I may be heading down Saturday morning to try to stone house area.


----------



## I_WALL_I (Apr 27, 2006)

Hey Brian!! Are you going for eye or crappie? I love that area... I'll be down by the dam looking for eyes, looks like there will be several OGF'er out! Hope to see everyone catching some!!


----------



## BrianSipe17 (Aug 5, 2006)

Well, my fishing partner is being a wuss and says he doesn't want to drive all the way to SF. So, I guess we are heading to some more local spillways


----------



## fatkid (Oct 14, 2006)

I wall keep us posted on the river never fished any spillways but read allot of good thing about them. i ws told jerk baits work great? good luck. we will be there sun maybe and mon if we dont freeze to death high of 29 with 20 mph winds not sure on that 1


----------



## I_WALL_I (Apr 27, 2006)

Open seat for the Fork early sat- not a fancy boat, but it floats!! WAVE, REX,REEL, no laughing!!! PM if interested!!! See ya on the water!!


----------



## wave warrior (Oct 2, 2005)

WOW what a difference a couple days makes!! hit the water at 6 am, fished till 10:30...not a single eye caught and there were around 7 boats! lost a good fish and got a few short crappie and a cat...still lots off bait, just werent hitting!!!


----------



## freakofnature13 (Jul 2, 2008)

Didnt end up going woke up at 330 to wait for 2 hrs and try callin my buddy.. never called or showed so i went to the ohio river instead it sucked! trash fish and white bass blaa!


----------



## I_WALL_I (Apr 27, 2006)

Got over there at 5:30 and pitched a jerk bait for 1/2 hr around the rocks coming into Morning Glory- no takers.. pretty good breeze that early!! Launched the boat when the others got there, never had a hit on any blades/raps, saw lots of bait and marks on the bottom, couldn't even get a reaction strike. Wind made it tough, had to stay on the trolling motor. Went to switch batteries, my back up had no charge. 2 small crappie on minnows.. don't know why the bite was so poor, lot of boats out not catching. Hope to get over next week!!!


----------



## fatkid (Oct 14, 2006)

how much do you guys think this large cold front shut them down. my P didnt go today but hitting it in the am to freeze are baggets off lol.


----------



## wave warrior (Oct 2, 2005)

fatkid said:


> how much do you guys think this large cold front shut them down. my P didnt go today but hitting it in the am to freeze are baggets off lol.

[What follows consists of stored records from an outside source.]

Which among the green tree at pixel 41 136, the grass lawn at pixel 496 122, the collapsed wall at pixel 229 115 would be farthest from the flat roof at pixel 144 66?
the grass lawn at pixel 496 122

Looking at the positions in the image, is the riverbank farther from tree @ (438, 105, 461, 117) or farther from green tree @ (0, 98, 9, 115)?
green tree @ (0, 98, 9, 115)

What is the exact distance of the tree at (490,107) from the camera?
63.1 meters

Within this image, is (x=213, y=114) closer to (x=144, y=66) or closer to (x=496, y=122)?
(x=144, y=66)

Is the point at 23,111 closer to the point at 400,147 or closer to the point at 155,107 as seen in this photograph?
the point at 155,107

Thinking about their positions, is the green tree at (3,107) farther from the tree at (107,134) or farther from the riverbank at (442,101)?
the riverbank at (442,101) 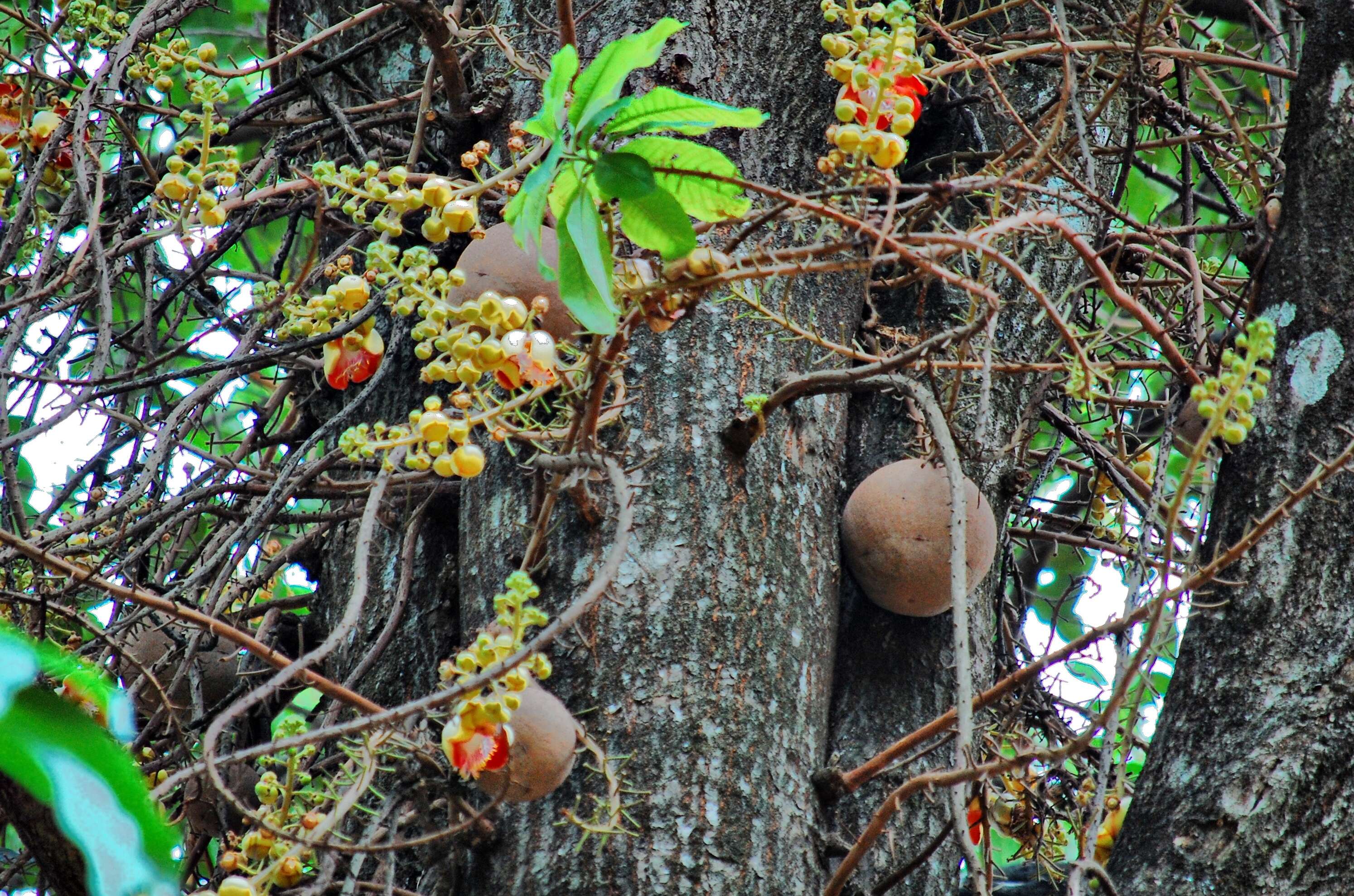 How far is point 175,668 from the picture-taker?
2.03 meters

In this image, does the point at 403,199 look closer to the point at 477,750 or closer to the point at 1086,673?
the point at 477,750

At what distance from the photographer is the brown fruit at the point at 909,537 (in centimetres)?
156

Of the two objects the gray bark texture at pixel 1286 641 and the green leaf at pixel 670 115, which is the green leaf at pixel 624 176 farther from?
the gray bark texture at pixel 1286 641

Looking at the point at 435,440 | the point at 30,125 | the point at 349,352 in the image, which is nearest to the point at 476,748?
the point at 435,440

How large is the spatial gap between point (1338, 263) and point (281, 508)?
1.38m

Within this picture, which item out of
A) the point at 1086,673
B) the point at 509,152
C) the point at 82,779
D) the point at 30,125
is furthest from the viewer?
the point at 1086,673

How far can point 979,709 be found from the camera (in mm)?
1354

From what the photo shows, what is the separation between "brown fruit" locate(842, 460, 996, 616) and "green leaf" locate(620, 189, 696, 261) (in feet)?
1.87

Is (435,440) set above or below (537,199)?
below

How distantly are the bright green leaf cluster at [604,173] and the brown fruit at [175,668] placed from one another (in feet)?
3.76

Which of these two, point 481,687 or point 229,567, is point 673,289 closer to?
point 481,687

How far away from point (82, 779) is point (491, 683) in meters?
0.72

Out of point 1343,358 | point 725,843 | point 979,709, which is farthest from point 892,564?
point 1343,358

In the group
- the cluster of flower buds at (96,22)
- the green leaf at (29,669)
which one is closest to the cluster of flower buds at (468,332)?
the green leaf at (29,669) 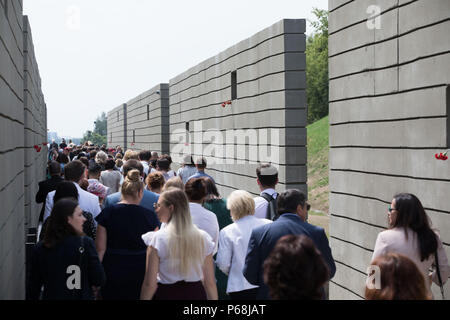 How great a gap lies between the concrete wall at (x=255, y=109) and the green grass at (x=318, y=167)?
41.2ft

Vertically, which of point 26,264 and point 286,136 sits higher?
point 286,136

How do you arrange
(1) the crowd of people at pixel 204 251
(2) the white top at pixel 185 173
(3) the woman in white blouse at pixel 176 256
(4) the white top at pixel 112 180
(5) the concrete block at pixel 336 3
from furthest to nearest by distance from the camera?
(2) the white top at pixel 185 173, (4) the white top at pixel 112 180, (5) the concrete block at pixel 336 3, (3) the woman in white blouse at pixel 176 256, (1) the crowd of people at pixel 204 251

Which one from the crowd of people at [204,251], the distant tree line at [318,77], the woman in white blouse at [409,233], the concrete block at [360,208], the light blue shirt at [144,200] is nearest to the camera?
A: the crowd of people at [204,251]

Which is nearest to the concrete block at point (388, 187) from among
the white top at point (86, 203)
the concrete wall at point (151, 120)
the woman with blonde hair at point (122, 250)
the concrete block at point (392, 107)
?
the concrete block at point (392, 107)

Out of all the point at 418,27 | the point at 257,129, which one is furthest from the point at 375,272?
the point at 257,129

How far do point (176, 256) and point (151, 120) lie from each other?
30.7 metres

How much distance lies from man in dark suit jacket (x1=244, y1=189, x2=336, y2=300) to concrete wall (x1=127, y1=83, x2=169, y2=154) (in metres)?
25.9

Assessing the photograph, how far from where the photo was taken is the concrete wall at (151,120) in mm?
31438

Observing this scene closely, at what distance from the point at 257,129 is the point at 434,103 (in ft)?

good luck!!! weather will be BRUTAL! but fish should be active...


----------



## fatkid (Oct 14, 2006)

man I wish i could report anything but some cold fingers . we fished from 6 am till noon nothing at all but 1 white bass and maybe a pig of a eye that got off . marked great bait in our areas. the only other boat there rolled in at 9 we talked to them at 12 when we left they said they had nothing. I was just glad we wernt the only crazy ass holes out there. It wasnt all a lost we did set our personal best today for being on the water . this is the latest by far that we have been on open water. water seemed dirty and had dropped to 38 . keep us posted boys hope to get back out 1 more time


----------



## wave warrior (Oct 2, 2005)

so you guys accually went...awesome!! haha i knew fingers would be an issue today! that area wont ice over anytime soon so im planning atleast 1 more trip...they have to turn on sometime!!


----------



## fatkid (Oct 14, 2006)

oh ya we went for sure good times we laughed our acces off today . at 1 point there were like 2 fters out there. jon was jigging at 1 point with like 3 pair of gloves on and snagged a log on a vibe . he set the hook so hard that the rod came flying out of his hands . i didnt see it cause all the hats/hoods i had on but i heard the rod tip fall in the water . we had a ball but man 1 thing bad about bass guys they like to go fast . at 53 mph those little snow flakes from the cabin area to the ramp just about beat me to death . glad it was a short ride cause i wont lie i couldnt breath lol!!!. well hope to get out 1 more time also but i see it that we have been pretty lucky for what we got in so far mid march to jan 2 isnt to bad


----------



## I_WALL_I (Apr 27, 2006)

:BAnybody interested in going this Sat AM?? Weather looks decent, or is everyone hunting? Like to get another batch before I focus on the rivers... If interested, post here or PM!!:B


----------



## ZEBRACON1 (Feb 15, 2008)

You guys are true diehards and are to be commended for being so crazy to go out under such harsh conditions. My hat ( I mean ski mask ) is off to you !


----------



## rattletraprex (Sep 1, 2005)

I_WALL_I said:


> :BAnybody interested in going this Sat AM?? Weather looks decent, or is everyone hunting? Like to get another batch before I focus on the rivers... If interested, post here or PM!!:B


Was nice to meet you Jeff,thanks for the swim bait also. Deer hunting for me this weekend then it's all fishing after that. Looks like maybe towards the end of the month we may get the cold blast we need to make ice. Hope to hit some open water soon,maybe have to follow you to the river.


----------



## wave warrior (Oct 2, 2005)

ZEBRACON1 said:


> You guys are true diehards and are to be commended for being so crazy to go out under such harsh conditions. My hat ( I mean ski mask ) is off to you !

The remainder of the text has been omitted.